— Image-caption web data —
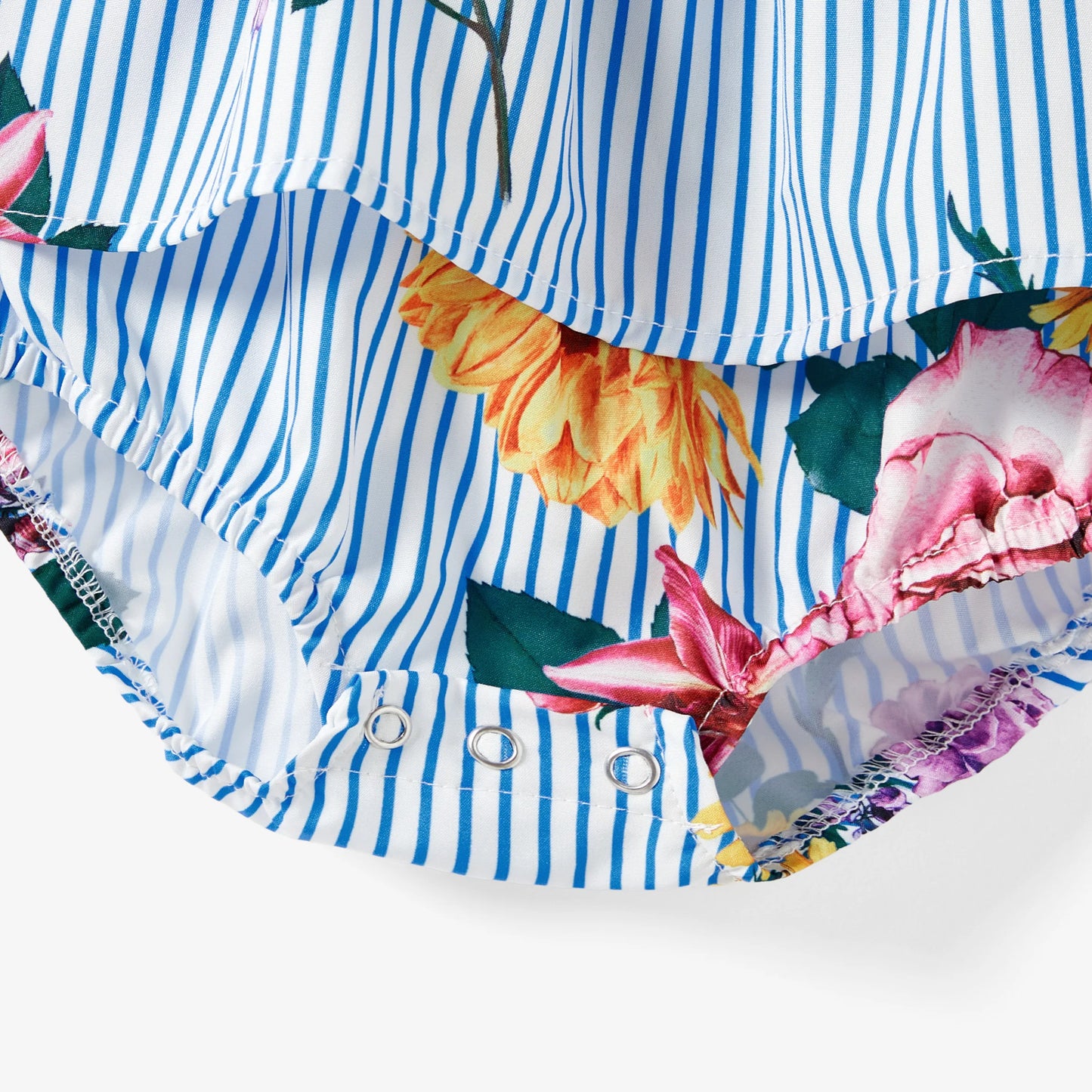 Family Matching Sets Denim Blue Short-Sleeve Shirt and Floral Print Shirred Top Strap Dress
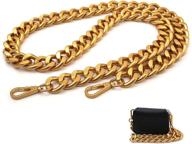 stylish 42‘’ big metal cross-body chain purse strap replacement for mini wallets, waist packs, chest bags - antique gold, large logo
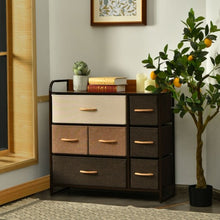 Load image into Gallery viewer, 7 Drawer Tower Steel Frame and Wooden Top Dresser Storage Chest for Bedroom
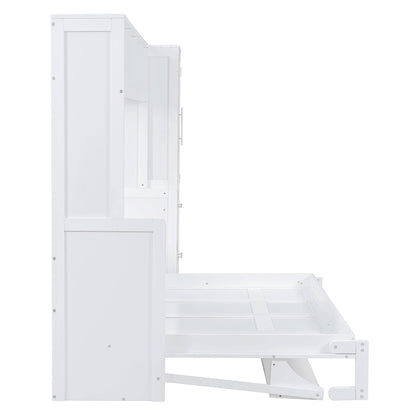 Full Size Murphy Bed Wall Bed with Closet and Drawers,White - DREAM YOUR HOUSE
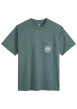 Thumbnail T-shirt en coton ardoise à coupe droite pourvu d'un col rond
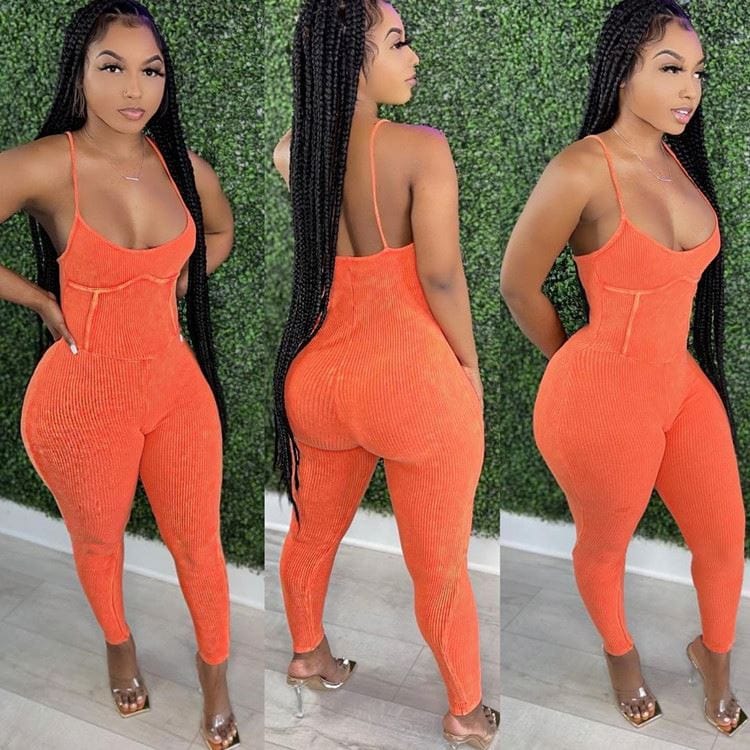OSINA Hot Sale V Neck Autumn Spaghetti Strap  Solid Color Leather Women Bodycon Jumpsuits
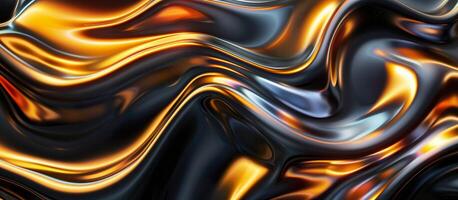 AI generated Dynamic blend of black and gold curves background, fluid chrome shapes against a dark background. photo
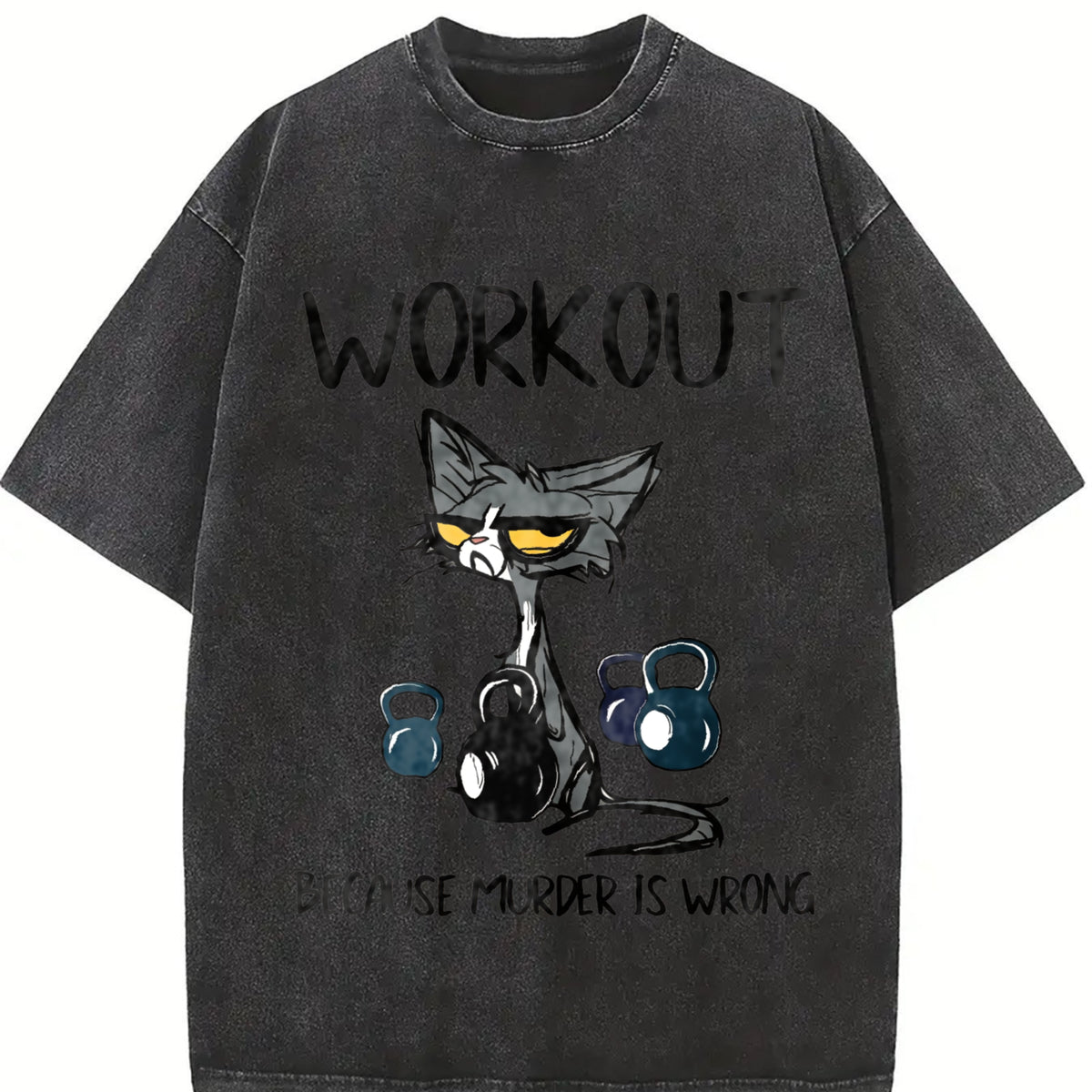 Animal Workout Fitness Suspended Pot Cat 1pc Vintage Washed T-Shirt in Black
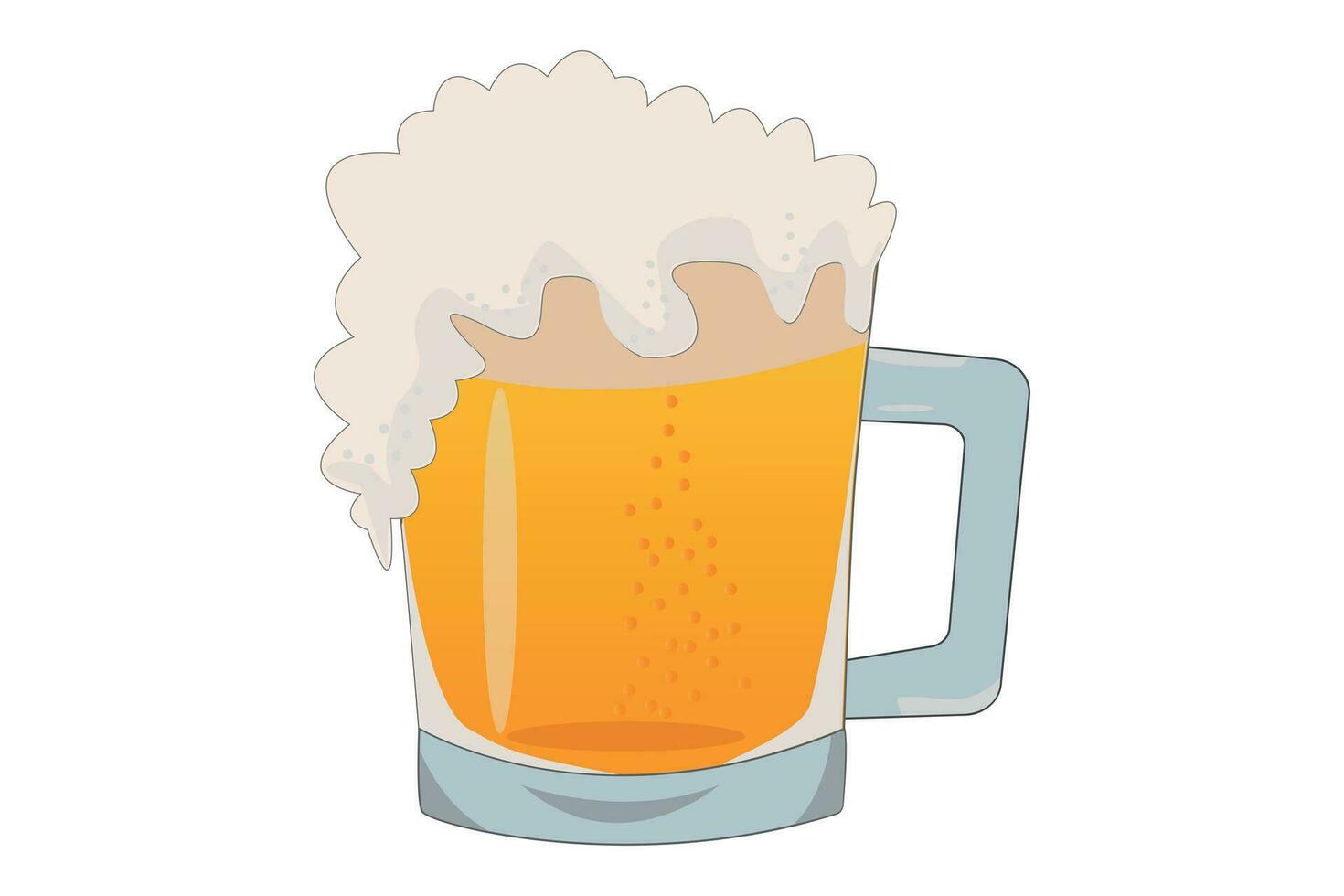 mok met bier. bier mok met schuim.kleurrijk versie, bril van bier. bar, kroeg symbool, bier festival, logo illustratie. vector grafiek.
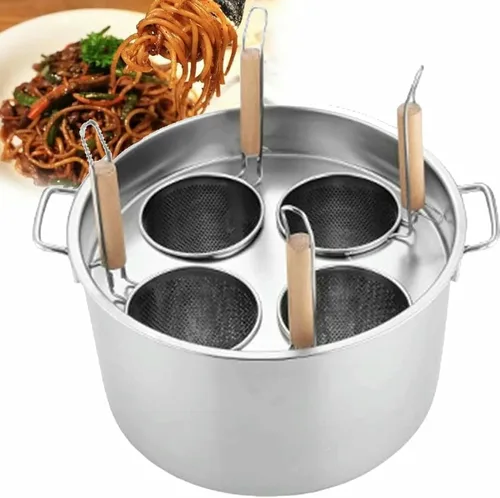 Vista 9 de Olla para Pasta De Acero Inoxidable, Juego De Olla para Pasta Con Cesta para Insertar, 4 Agujeros
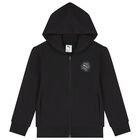 Boys Black Logo Hooded Zip Up Top, 1, hi-res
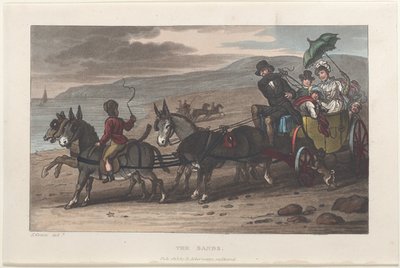 The Sands, from Poetical Sketches of Scarborough, 1813., 1813. Tvůrci: Thomas Rowlandson, Joseph Constantine Stadler, J. Bluck. od Thomas Rowlandson, Joseph Constantine Stadler, J. Bluck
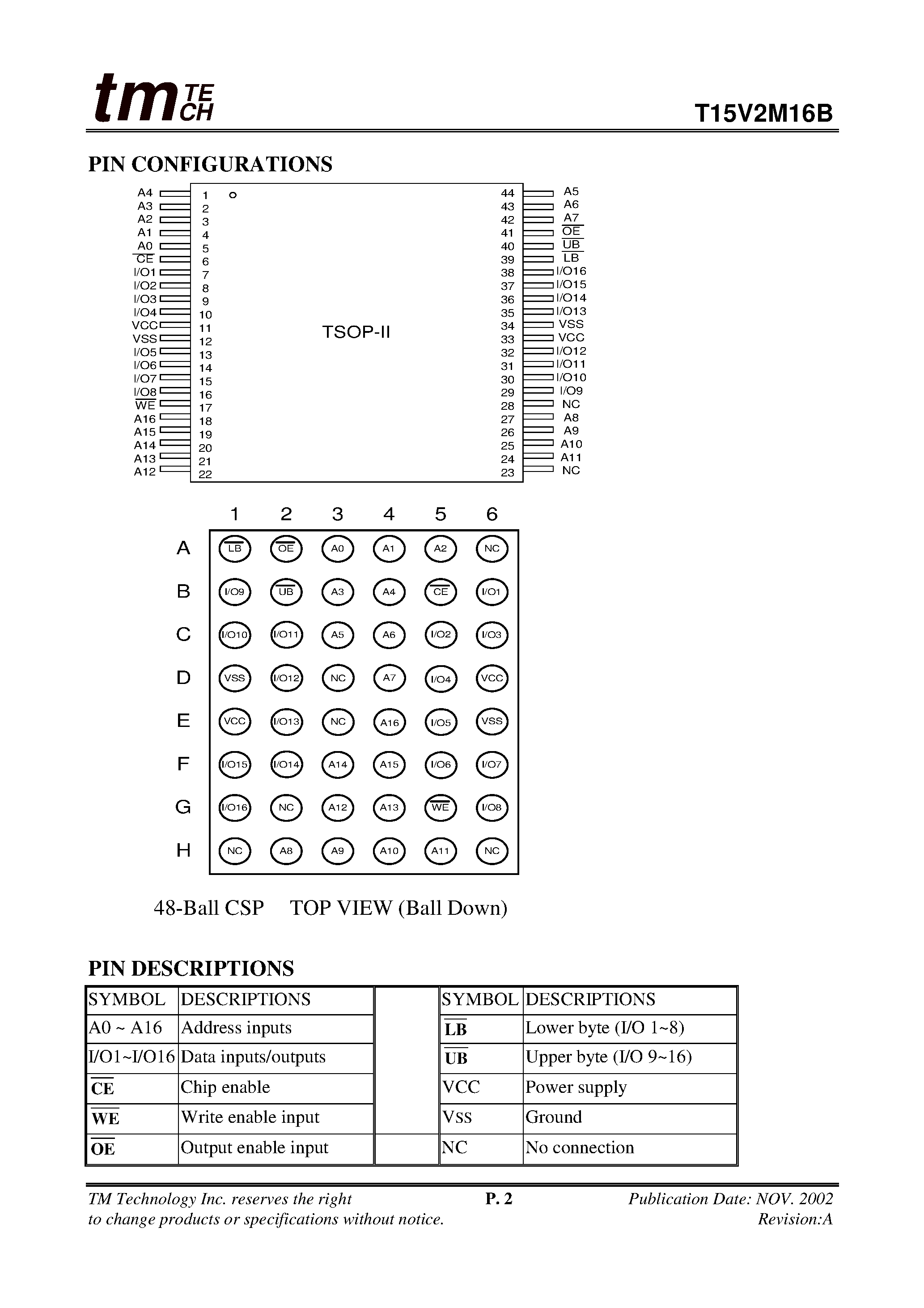 Даташит T15V2M16B - 128K X 16 LOW POWER CMOS STATIC RAM страница 2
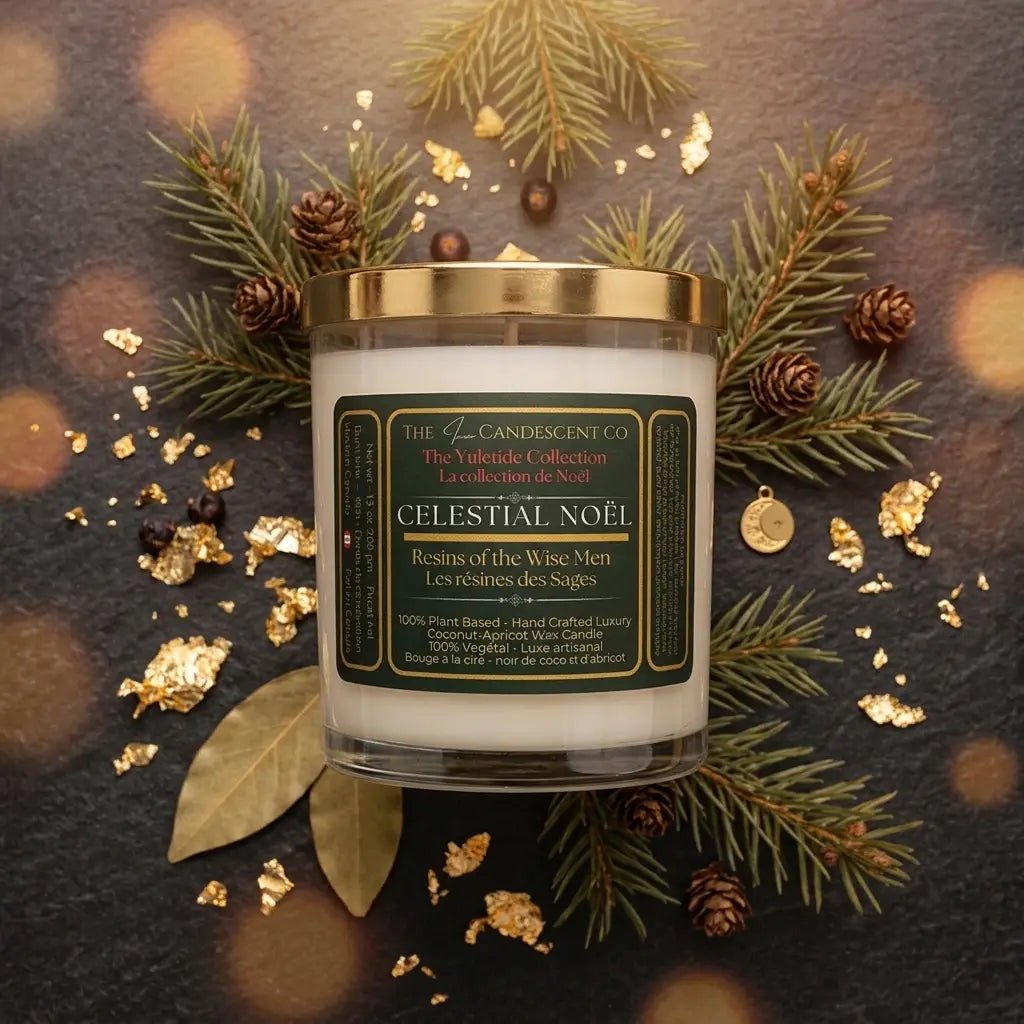 CELESTIAL NOEL | Sacred floral Christmas luxury coconut apricot wax candle The InnerCandescent Co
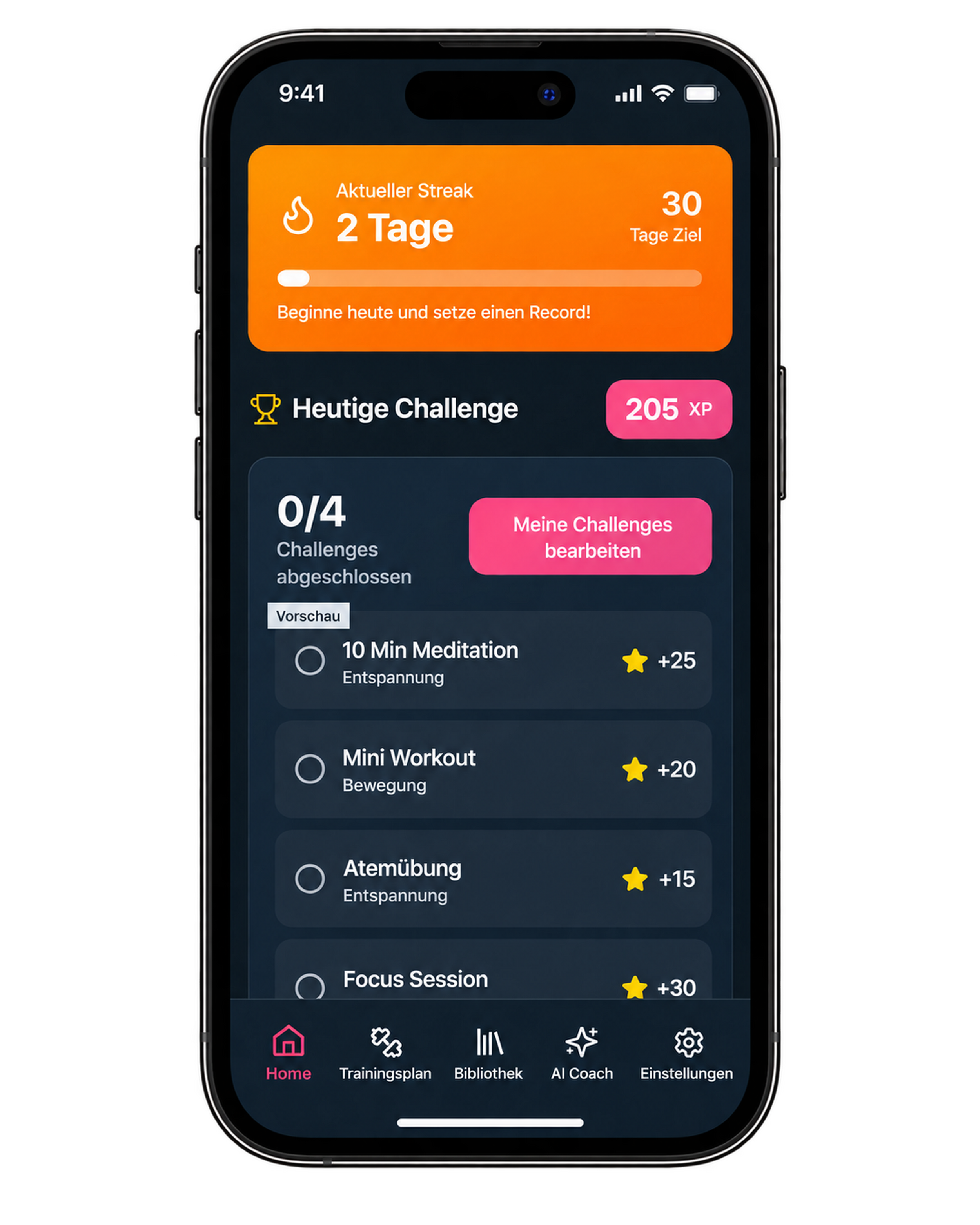 recreact Challenges mit Meditation, Mini Workout und Atemübung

— Requirement —
Pictures excluded, set down all the entries exactly.

— Exercise answer —
 Family Matching Sets Denim Blue Short-Sleeve Shirt and Floral Print Shirred Top Strap Dress
 stylish 42‘’ big metal cross-body chain purse strap replacement for mini wallets, waist packs, chest bags - antique gold, large logo
 Load image into Gallery viewer, 7 Drawer Tower Steel Frame and Wooden Top Dresser Storage Chest for Bedroom
 Full Size Murphy Bed Wall Bed with Closet and Drawers,White - DREAM YOUR HOUSE
 Thumbnail T-shirt en coton ardoise à coupe droite pourvu d'un col rond
OSINA Hot Sale V Neck Autumn Spaghetti Strap  Solid Color Leather Women Bodycon Jumpsuits
 AI generated Dynamic blend of black and gold curves background, fluid chrome shapes against a dark background. photo
 Animal Workout Fitness Suspended Pot Cat 1pc Vintage Washed T-Shirt in Black
 mok met bier. bier mok met schuim.kleurrijk versie, bril van bier. bar, kroeg symbool, bier festival, logo illustratie. vector grafiek.
 Vista 9 de Olla para Pasta De Acero Inoxidable, Juego De Olla para Pasta Con Cesta para Insertar, 4 Agujeros
 Boys Black Logo Hooded Zip Up Top, 1, hi-res
 The Sands, from Poetical Sketches of Scarborough, 1813., 1813. Tvůrci: Thomas Rowlandson, Joseph Constantine Stadler, J. Bluck. od Thomas Rowlandson, Joseph Constantine Stadler, J. Bluck
 Даташит T15V2M16B - 128K X 16 LOW POWER CMOS STATIC RAM страница 2
 CELESTIAL NOEL | Sacred floral Christmas luxury coconut apricot wax candle The InnerCandescent Co
 recreact Challenges mit Meditation, Mini Workout und Atemübung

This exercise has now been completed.